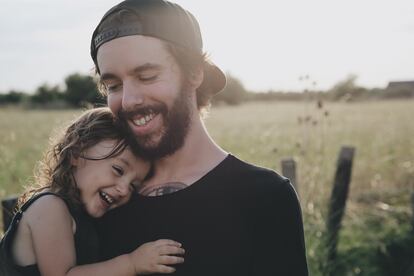 Un padre disfruta con su hija.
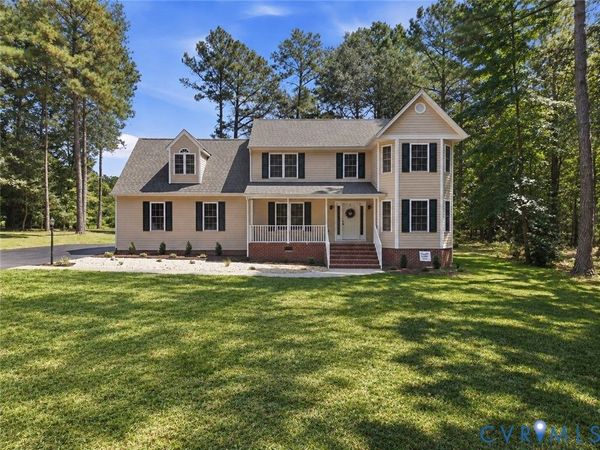 20005 Oak River Drive , Chesterfield, VA 23803
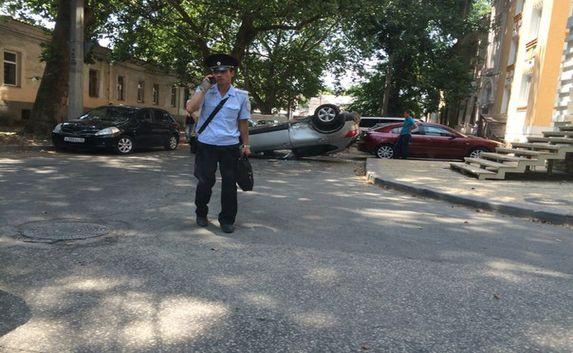  Иномарка «легла» на крышу от удара с машиной полиции в Симферополе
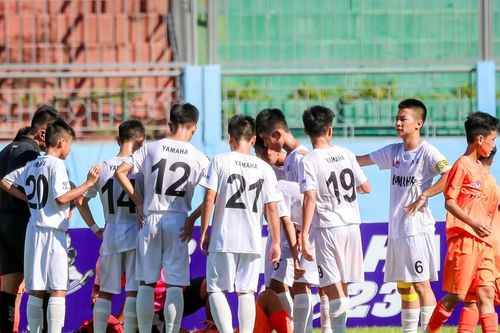 Cầu thủ trẻ SLNA có hành động đẹp dành cho cầu thủ đội bạn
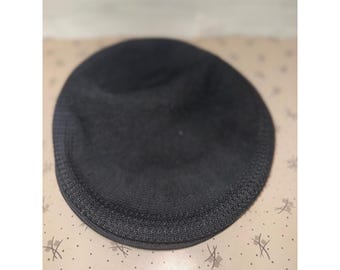 Boné Kangol Tropic 504 Ventair Flat Cap Preto Ivy com Logo Bordado - Tamanho Grande Masculino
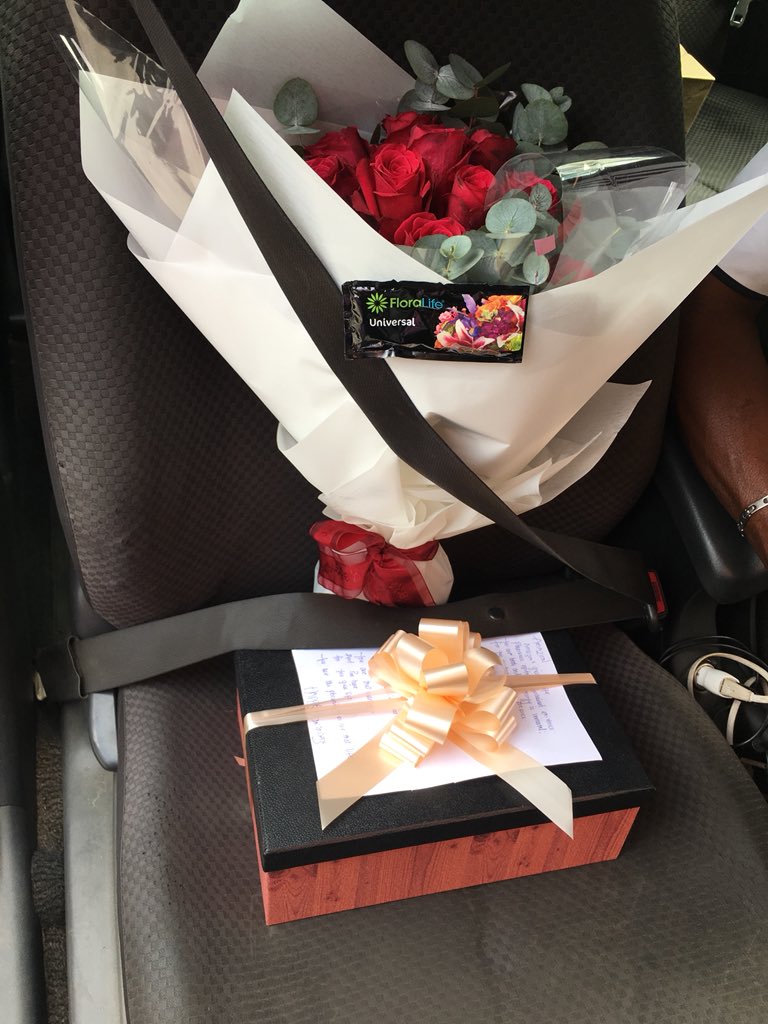 thegiftplug's tweet photo. UPDATE:  What’s better than saying happy birthday with a bouquet of fresh roses and a box of a little extra stuff with a very sweet handwritten note.😉 #TheGiftPlug https://t.co/eDjZyWccRQ
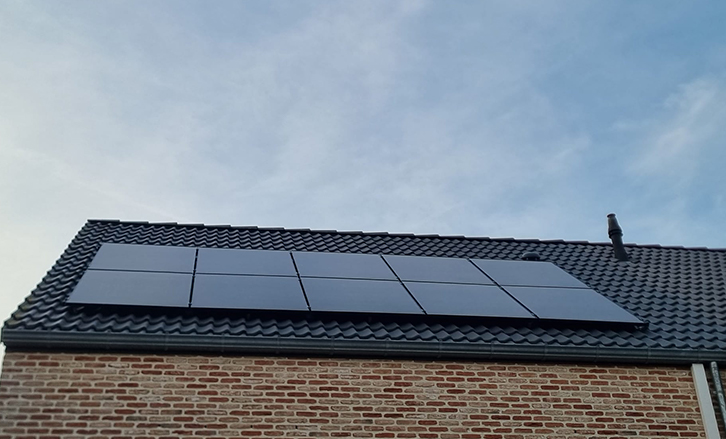 Particuliere installatie MR Solar met Stern Solartechnik in Ninove
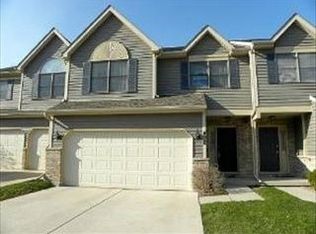 408 River Bluff Dr, Carpentersville, IL 60110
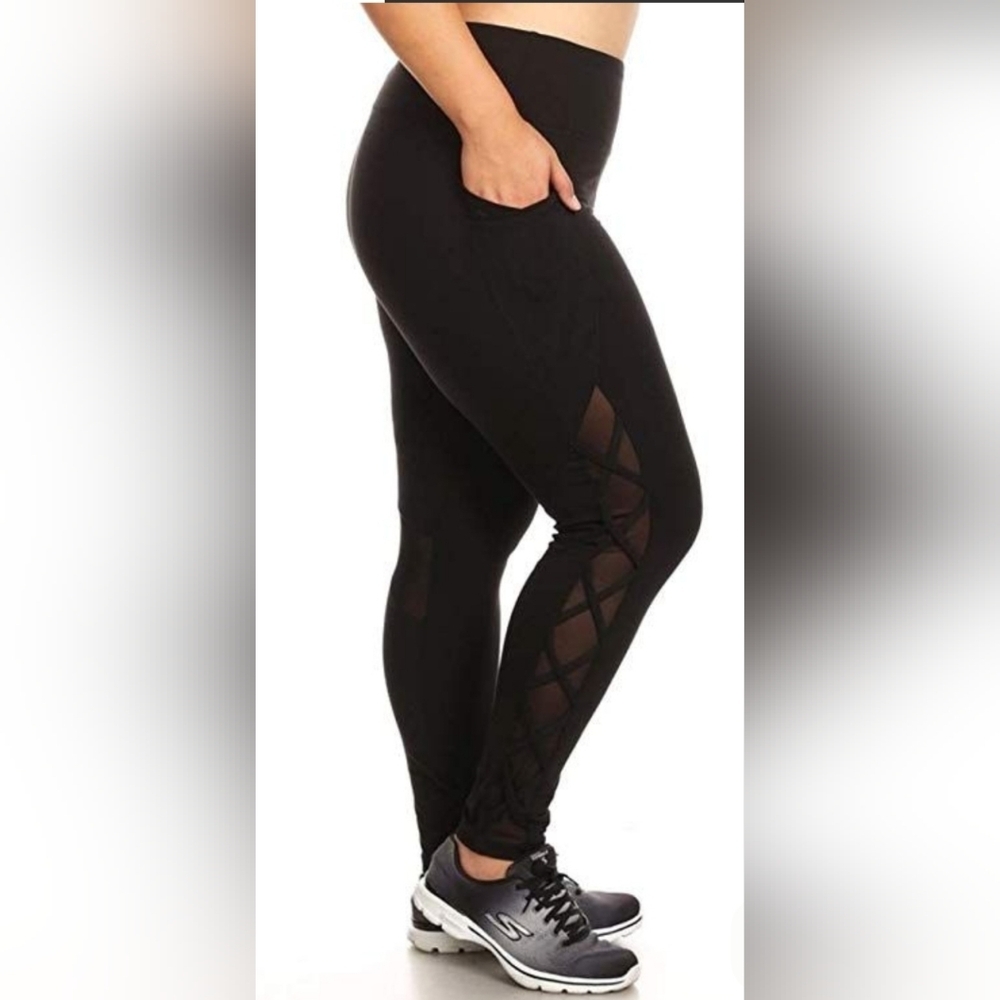 WOMENS SHOSHO BLACK LEGINGS WITH MESH CRISSCROSS SIDE PANELS. SIZE MEDIUM.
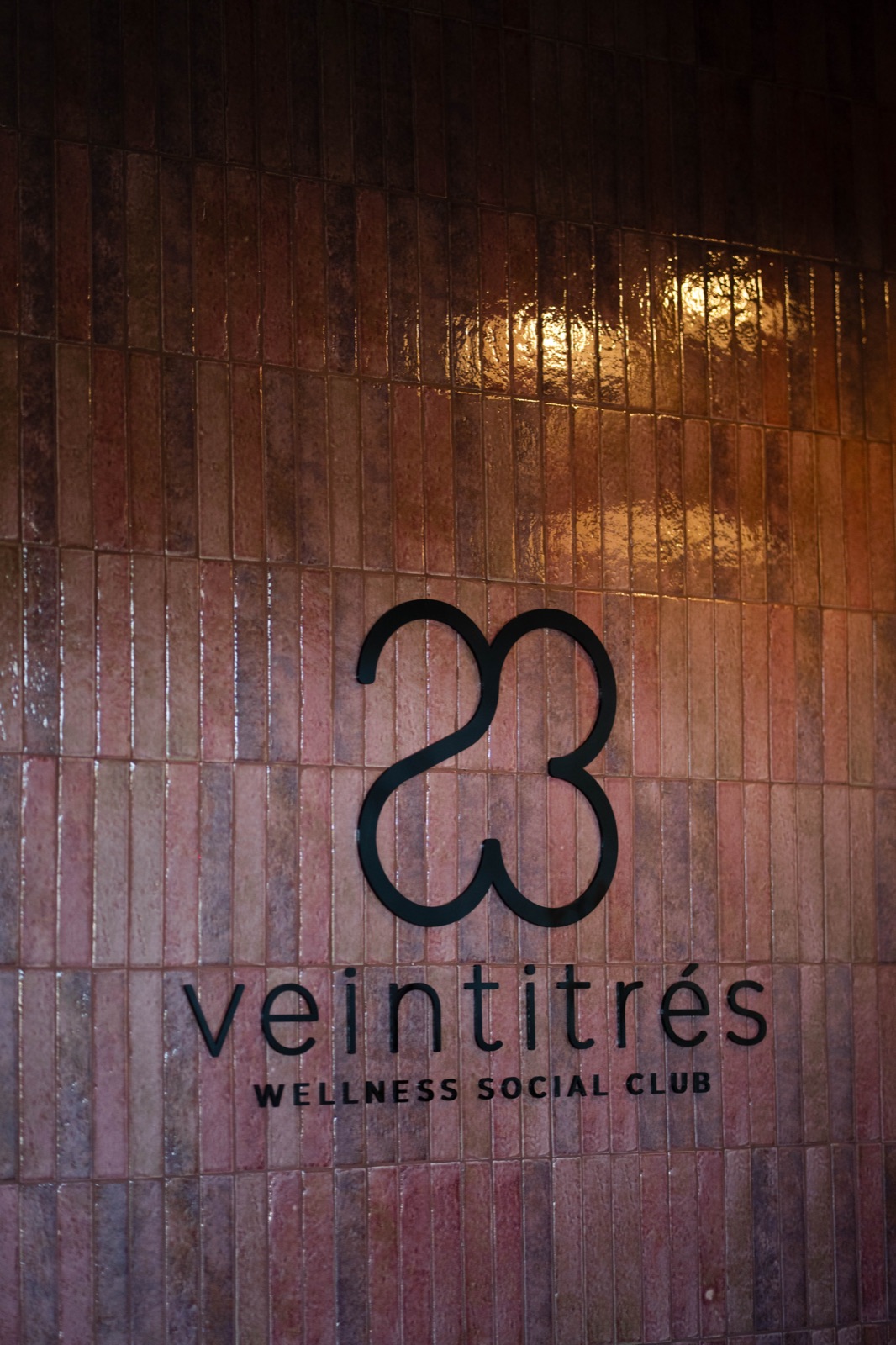 Muro de Veintitrés Wellness Social Club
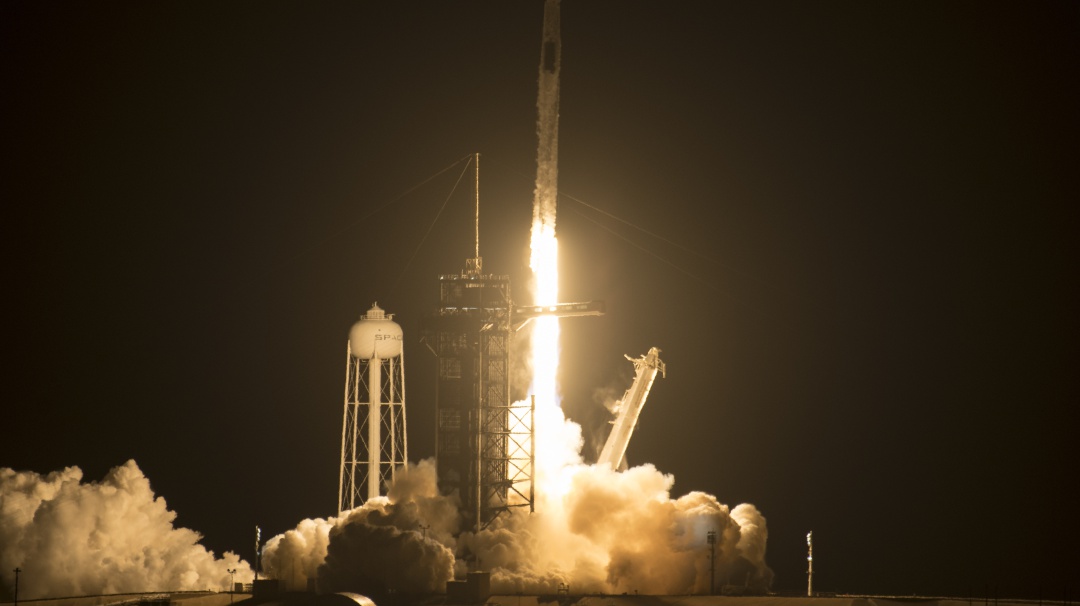 NASA escoge a SpaceX para explorar la luna Europa de Júpiter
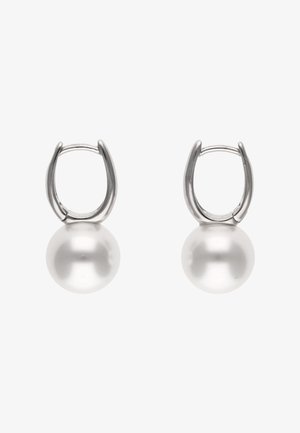 Nerđane kružne naušnice s velikim, okruglim, sjajnim bijelim biserima. Dizajn je glatko oblikovan s poliranim završetkom i jednostavnim mehanizmom zatvaranja.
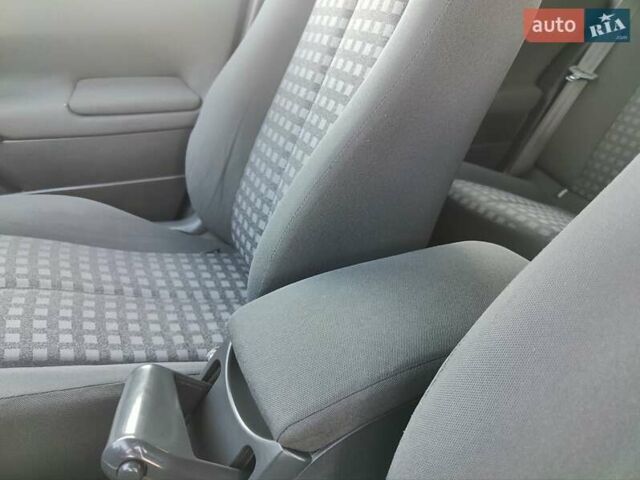 Оранжевый Рено Меган, объемом двигателя 0 л и пробегом 163 тыс. км за 5200 $, фото 30 на Automoto.ua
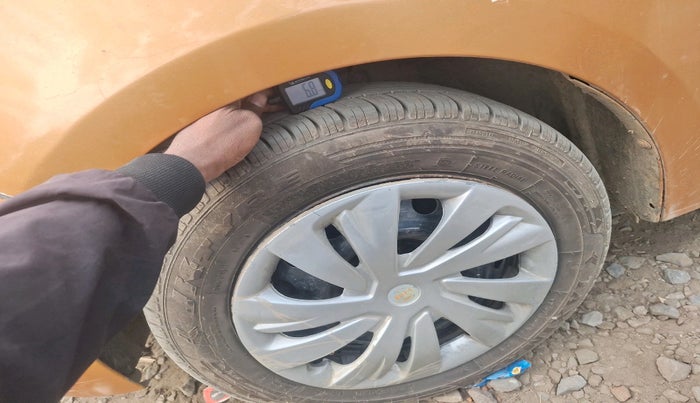 2016 Ford Figo Aspire TREND 1.2 PETROL, Petrol, Manual, 99,591 km, tyre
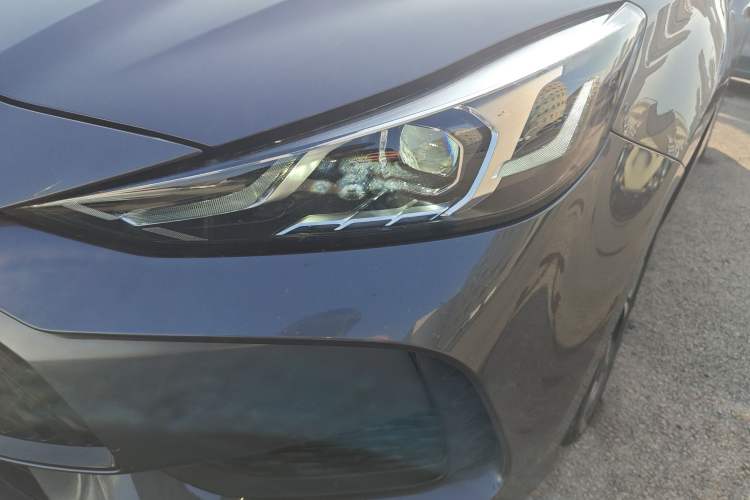 Used MG 5 2022 180 DVVT CVT Youth Luxury Edition
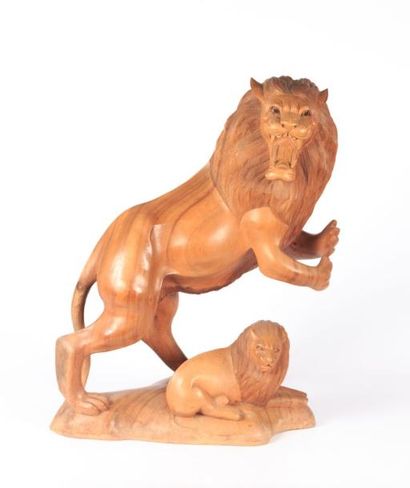 Sculpture en bois figurant un lion et son...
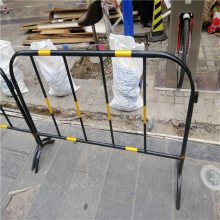 鐵馬護(hù)欄 市政隔離欄 建筑交通設(shè)施圍擋隔離墩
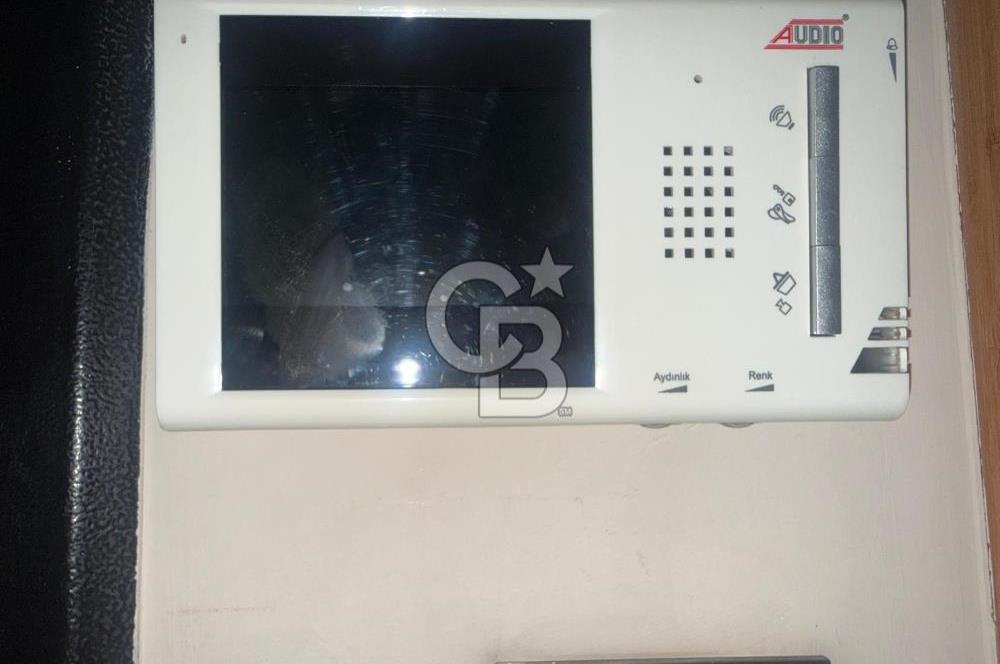 ÇİĞLİ YENİ MAHALLE'DE; ASANSÖRLÜ, ARAKAT, 2+1, EŞYASIZ, DOĞALGAZ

- ACTIVITY -
Return all of the material precisely as written. No picture belongs in it.

- RESULT OF THIS EXERCISE -
 Un padre disfruta con su hija.
 20005 Oak River Drive , Chesterfield, VA 23803
  Иномарка «легла» на крышу от удара с машиной полиции в Симферополе
 Cầu thủ trẻ SLNA có hành động đẹp dành cho cầu thủ đội bạn
 Boné Kangol Tropic 504 Ventair Flat Cap Preto Ivy com Logo Bordado - Tamanho Grande Masculino
 thegiftplug's tweet photo. UPDATE:  What’s better than saying happy birthday with a bouquet of fresh roses and a box of a little extra stuff with a very sweet handwritten note.😉 #TheGiftPlug https://t.co/eDjZyWccRQ
 Particuliere installatie MR Solar met Stern Solartechnik in Ninove
 408 River Bluff Dr, Carpentersville, IL 60110
 WOMENS SHOSHO BLACK LEGINGS WITH MESH CRISSCROSS SIDE PANELS. SIZE MEDIUM.
 Muro de Veintitrés Wellness Social Club
 NASA escoge a SpaceX para explorar la luna Europa de Júpiter
 Nerđane kružne naušnice s velikim, okruglim, sjajnim bijelim biserima. Dizajn je glatko oblikovan s poliranim završetkom i jednostavnim mehanizmom zatvaranja.
 Оранжевый Рено Меган, объемом двигателя 0 л и пробегом 163 тыс. км за 5200 $, фото 30 на Automoto.ua
 2016 Ford Figo Aspire TREND 1.2 PETROL, Petrol, Manual, 99,591 km, tyre
 Used MG 5 2022 180 DVVT CVT Youth Luxury Edition
 Sculpture en bois figurant un lion et son...
 鐵馬護(hù)欄 市政隔離欄 建筑交通設(shè)施圍擋隔離墩
 ÇİĞLİ YENİ MAHALLE'DE; ASANSÖRLÜ, ARAKAT, 2+1, EŞYASIZ, DOĞALGAZ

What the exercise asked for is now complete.